Aldo menunduk, menghela napas berat. "Kayla dulu... dia sempat masuk ke dalam organisasi rahasia kampus. Mungkin kalian nggak tahu, tapi ada kelompok-kelompok yang mengendalikan hampir segala hal di sini, termasuk keputusan-keputusan besar. Kayla terjebak dalam salah satu kelompok itu."

Naura merasakan hatinya berdegup kencang. "Jadi, dia sengaja masuk ke dalam itu? Untuk apa?"

"Aku nggak tahu pasti. Tapi yang jelas, sejak dia masuk, semuanya jadi berubah. Dan sekarang, kelompok itu mulai menuntutnya untuk melakukan hal-hal yang nggak bisa dia lakukan," jawab Aldo, wajahnya penuh kecemasan.

Zio mengernyitkan dahi. "Jadi, ini bukan cuma soal hubungan pertemanan biasa. Ada hal lain yang lebih besar, yang mungkin kita nggak tahu selama ini?"

Aldo mengangguk. "Betul. Mereka nggak akan berhenti sampai Kayla memberikan apa yang mereka inginkan. Dan kalau dia nggak bisa melakukannya, ada bahaya yang mengancamnya."

Naura merasa tubuhnya kaku. "Lalu, kita bisa apa? Kayla masih teman kita, Aldo. Kita nggak bisa biarkan dia terjebak dalam situasi seperti ini."

Aldo menatap mereka, matanya penuh penyesalan. "Aku tahu, tapi kalian nggak tahu apa yang akan terjadi selanjutnya. Kelompok itu sangat berbahaya. Aku pernah melihat mereka menghancurkan orang-orang yang mencoba melawan mereka. Kalau kalian terlalu jauh terlibat, kalian bisa jadi sasaran mereka juga."

Zio meneguk ludah, wajahnya serius. "Jadi, kita cuma diam? Kita nggak bisa begitu, Aldo."

Aldo mengerutkan kening. "Kalian nggak ngerti. Kalau kalian ingin membantu Kayla, kalian harus berhati-hati. Jangan sampai kalian juga jadi target. Ini bukan cuma soal dia, tapi juga soal kalian."

Naura merasa bingung. Keputusan apa yang harus mereka ambil? Mereka tidak bisa begitu saja mundur, tapi mereka juga tahu betapa berbahayanya situasi ini. Semua yang mereka kira aman ternyata penuh dengan jebakan dan intrik yang mereka tidak tahu.

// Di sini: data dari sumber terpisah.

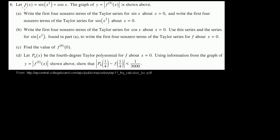Problem number six. Let f of x equal sine of x squared plus cosine of x. The graph of y equals the absolute value of the fifth derivative of f at x is shown above. I'll show it when we need to — I think we have to show it in part d. So first, let's do part a: write the first four non-zero terms for the Taylor series for sine of x about x equals 0, and write the first four non-zero terms of the Taylor series for sine of x squared about x equals 0.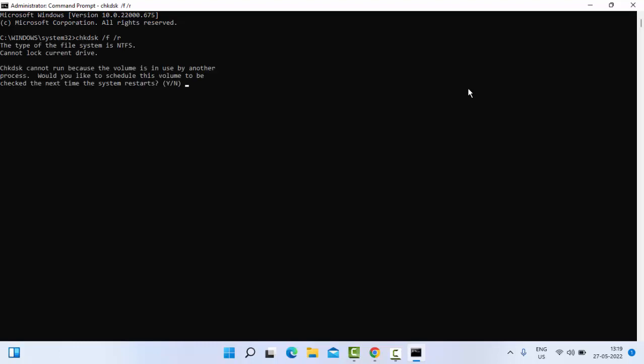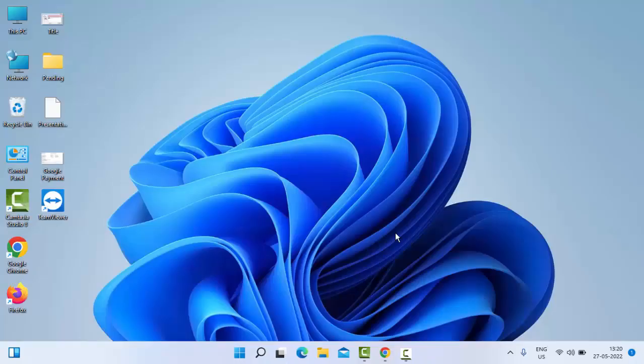Now you need to restart your PC. Just type 'Y' and press Enter. This is a simple method.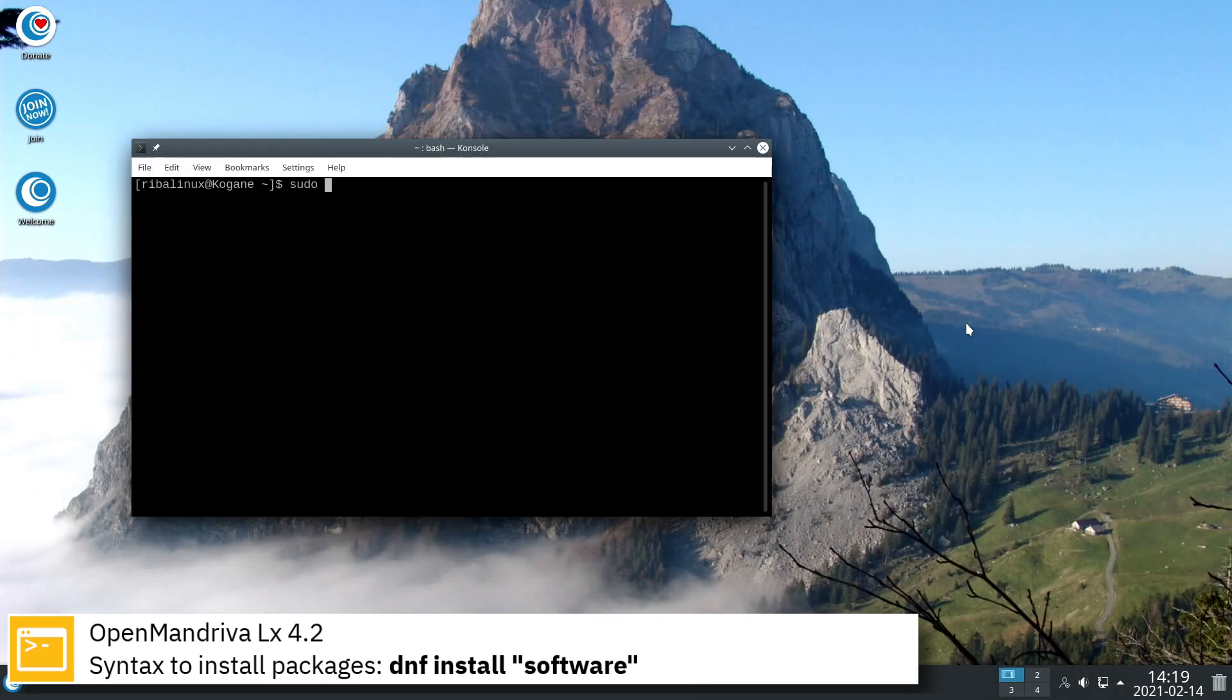Here you can see the commands to install software from the command line using the DNF Package Manager.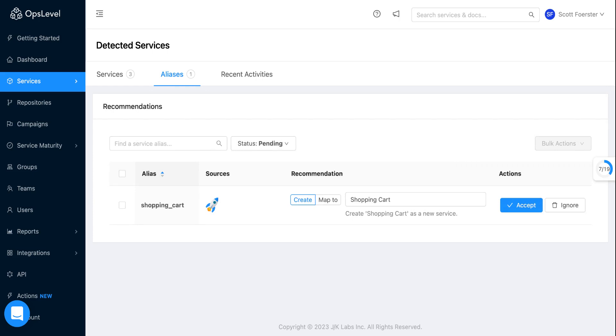So there's lots of places we hope to take this functionality in the future. We want to integrate a whole bunch of other tools like APM tools or Kubernetes as a way to build more robust recommendations for your catalog, as well as maybe even give customers the ability to create their own rules engines. So we can tailor the recommendations we're giving you based on your organization's best practice.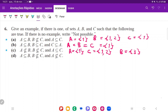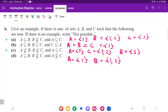For the last one, I want A in B, B not in C, and A not in C. So A is going to be the set containing 1, and B is going to be 1 and 2 — because A is inside B. Then C is going to be the set containing 3. With this, B is not in C, and A is not in C. So that is it for item 6.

Naura menatap Zio. "Apa yang harus kita lakukan sekarang?"

Zio menghela napas, menatap Aldo, lalu kembali menatap Naura. "Kita nggak bisa cuma diam. Kayla butuh bantuan kita."

Aldo menatap mereka dengan ekspresi serius. "Aku nggak bisa beri kalian informasi lebih banyak dari ini. Tapi kalau kalian memutuskan untuk melangkah lebih jauh, kalian harus siap dengan segala kemungkinan."

Naura dan Zio hanya bisa saling pandang. Di satu sisi, mereka tahu mereka tidak bisa mundur. Namun, di sisi lain, mereka juga sadar bahwa pilihan mereka bisa membawa mereka pada bahaya yang lebih besar.

Malam itu, Naura dan Zio pulang dengan perasaan campur aduk. Mereka harus segera membuat keputusan. Kelompok misterius yang terlibat dengan Kayla semakin memburuk, dan mereka semakin merasa terjebak dalam dunia yang tak mereka pahami. Semua yang terjadi di kampus ini, yang awalnya terasa ringan dan penuh harapan, kini berubah menjadi medan pertempuran yang tak terlihat.

"Zio..." Naura memulai percakapan saat mereka berjalan keluar dari kampus. "Aku nggak tahu harus gimana. Tapi aku nggak bisa tinggal diam begitu saja."

Zio menatapnya dan tersenyum tipis. "Kita harus lakukan apa yang menurut kita benar. Tapi tetap hati-hati, Naura. Kita nggak tahu siapa yang bisa kita percayai."

Naura mengangguk. "Aku nggak akan mundur. Kayla itu sahabat kita. Kita nggak bisa biarkan dia jatuh sendirian."

Zio menghela napas dan berjalan di samping Naura. Mereka tahu perjalanan mereka baru saja dimulai, dan mungkin, banyak hal yang lebih gelap yang harus mereka hadapi ke depan.

Keesokan harinya, Naura dan Zio duduk di salah satu kafe kampus yang ramai. Suara ketikan keyboard, obrolan teman-teman, dan bunyi mesin kopi menciptakan suasana yang terasa semakin asing bagi mereka. Ketika Naura memesan kopi, pikirannya masih terganggu dengan percakapan malam tadi bersama Aldo.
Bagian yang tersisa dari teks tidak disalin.